Académicos de la Universidad Panamericana alertan sobre los riesgos de la reforma judicial, que incluye la elección popular de jueces y magistrados, señalando su impacto en los derechos humanos y el acceso a la justicia.

thumb
Académicos de la Universidad Panamericana abordaron las implicaciones de la reforma judicial que propone la elección popular de jueces, magistrados y ministros en México.

En un ejercicio de análisis profundo, académicos de la Universidad Panamericana  abordaron las implicaciones de la reforma judicial que propone la elección popular de jueces, magistrados y ministros en México, y coincidieron en que el nuevo modelo representa un riesgo significativo para la autonomía judicial y para el sistema democrático.

Guillermo Tenorio Cueto, decano de la Escuela de Gobierno y Economía de la Universidad Panamericana, dirigió la conversación del último capítulo de “Diálogos con Visión Panamericana. Y compartieron micrófonos los invitados: Celia Mizrahi, académica de la Facultad de Derecho de la Universidad Panamericana; Fernando Batista, decano de la Facultad de Derecho de la Universidad Panamericana, y Gildardo López, académico de la Escuela de Gobierno y Economía de la Universidad Panamericana.

Nueva reforma, cambios estructurales

Celia Mizrahi fue enfática al señalar que esta reforma “politiza al Poder Judicial, que es el único de los poderes de la unión que no se debe al pueblo como tal, sino a la Constitución, a las leyes, a la justicia en general”. Entre los cambios estructurales mencionó la eliminación de las salas de la Suprema Corte, la creación de un Tribunal de Disciplina con resoluciones inatacables, y la figura de los jueces sin rostro, que a su juicio representan un “hachazo al debido proceso”.

Por su parte, Fernando Batista expuso que entre los argumentos a favor de la reforma se ha mencionado la percepción ciudadana de un Poder Judicial ineficiente, opaco y corrupto, aunque alertó sobre la falta de sustento jurídico en dichas acusaciones: “A mí siempre me llamaba la atención que se llamara corruptos a algunos jueces, pero que nunca hubiera denuncias o acciones jurídicas contra ellos”.
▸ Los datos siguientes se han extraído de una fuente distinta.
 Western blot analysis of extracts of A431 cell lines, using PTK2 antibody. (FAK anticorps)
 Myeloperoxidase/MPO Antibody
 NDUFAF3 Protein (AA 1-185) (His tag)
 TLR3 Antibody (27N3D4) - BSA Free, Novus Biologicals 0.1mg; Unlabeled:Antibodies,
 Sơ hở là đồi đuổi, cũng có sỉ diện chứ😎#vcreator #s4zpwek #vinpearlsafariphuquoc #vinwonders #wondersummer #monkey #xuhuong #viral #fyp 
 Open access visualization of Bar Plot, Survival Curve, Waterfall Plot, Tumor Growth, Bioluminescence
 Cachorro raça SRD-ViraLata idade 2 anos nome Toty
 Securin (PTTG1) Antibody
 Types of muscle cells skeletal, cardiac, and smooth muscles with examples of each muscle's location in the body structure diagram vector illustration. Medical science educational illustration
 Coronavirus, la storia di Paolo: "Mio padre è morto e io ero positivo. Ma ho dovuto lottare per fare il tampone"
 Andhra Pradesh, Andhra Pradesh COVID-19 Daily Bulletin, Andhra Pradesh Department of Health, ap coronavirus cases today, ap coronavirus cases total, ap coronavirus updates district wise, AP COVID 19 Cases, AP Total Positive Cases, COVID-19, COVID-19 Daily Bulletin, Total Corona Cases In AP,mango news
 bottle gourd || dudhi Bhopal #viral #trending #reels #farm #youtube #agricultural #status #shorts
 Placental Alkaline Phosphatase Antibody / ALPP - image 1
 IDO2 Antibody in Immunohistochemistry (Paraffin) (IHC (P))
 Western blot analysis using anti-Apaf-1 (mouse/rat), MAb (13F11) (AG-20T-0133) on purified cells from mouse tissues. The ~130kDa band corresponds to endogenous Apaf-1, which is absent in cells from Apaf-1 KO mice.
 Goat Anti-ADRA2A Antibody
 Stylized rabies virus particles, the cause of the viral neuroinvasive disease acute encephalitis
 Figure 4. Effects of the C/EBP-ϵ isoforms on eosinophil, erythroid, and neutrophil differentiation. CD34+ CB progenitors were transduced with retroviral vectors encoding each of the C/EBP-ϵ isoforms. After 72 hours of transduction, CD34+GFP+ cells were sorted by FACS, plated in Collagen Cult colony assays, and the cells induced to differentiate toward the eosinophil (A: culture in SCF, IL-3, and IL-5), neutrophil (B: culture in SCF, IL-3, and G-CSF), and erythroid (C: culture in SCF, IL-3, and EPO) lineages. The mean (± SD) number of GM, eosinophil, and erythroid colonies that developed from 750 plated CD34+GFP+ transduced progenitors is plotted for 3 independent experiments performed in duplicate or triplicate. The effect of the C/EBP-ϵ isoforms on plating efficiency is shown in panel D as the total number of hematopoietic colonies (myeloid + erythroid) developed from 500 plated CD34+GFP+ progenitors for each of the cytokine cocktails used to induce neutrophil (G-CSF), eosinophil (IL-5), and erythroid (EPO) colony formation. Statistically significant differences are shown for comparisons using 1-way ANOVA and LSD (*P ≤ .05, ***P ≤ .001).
Más adelante, Gildardo López planteó que la reforma no parte de criterios técnicos, sino políticos: “En realidad, la perspectiva técnica no es lo que priva en esta intención de reforma, sino una verdadera reforma del Estado en el sentido de que los contrapesos quedan anulados”, explicó, y agregó que México está replicando modelos ya intentados en Polonia, Hungría e Israel, donde las consecuencias fueron una erosión severa a la independencia judicial.

Independencia judicial: ¿un derecho humano?

Uno de los puntos más debatidos fue la elección popular de jueces. Para López Hernández, esta medida no generará confianza ciudadana, ya que “el juez no va a querer nunca dar una sentencia impopular, porque está buscando el voto, no la justicia”. Mizrahi complementó esta idea al advertir que “sin independencia judicial no podemos hablar de derechos humanos, ni de resoluciones justas”.

En el mismo tenor, Mizrahi recordó que la Corte Interamericana ha reconocido que la independencia judicial es también un derecho humano, aludiendo al debilitamiento del acceso a la justicia y la estabilidad de los juzgadores.

Fernando Batista reiteró que el elemento fundamental de la confianza judicial debe radicar en la competencia jurídica de los operadores, no en su carisma político: “La popularidad no garantiza la justicia de ninguna manera, eso está muy claro”, sentenció.

Además, los expertos abordaron la desconexión ciudadana con este proceso. Gildardo López sostuvo que la elección judicial es vista como un “choque de élites” y que “se ha vuelto muy difícil conocer los perfiles”, por lo que “la ciudadanía lo sigue percibiendo lejanísimo a su cotidianidad”.

La conversación concluyó con la interrogante sobre si la ciudadanía debe participar o no en esta inédita elección. Aunque las opiniones fueron diversas, los tres académicos coincidieron en que el reto más urgente es rescatar el valor técnico y ético del Poder Judicial, sin subordinarlo a intereses políticos o populares.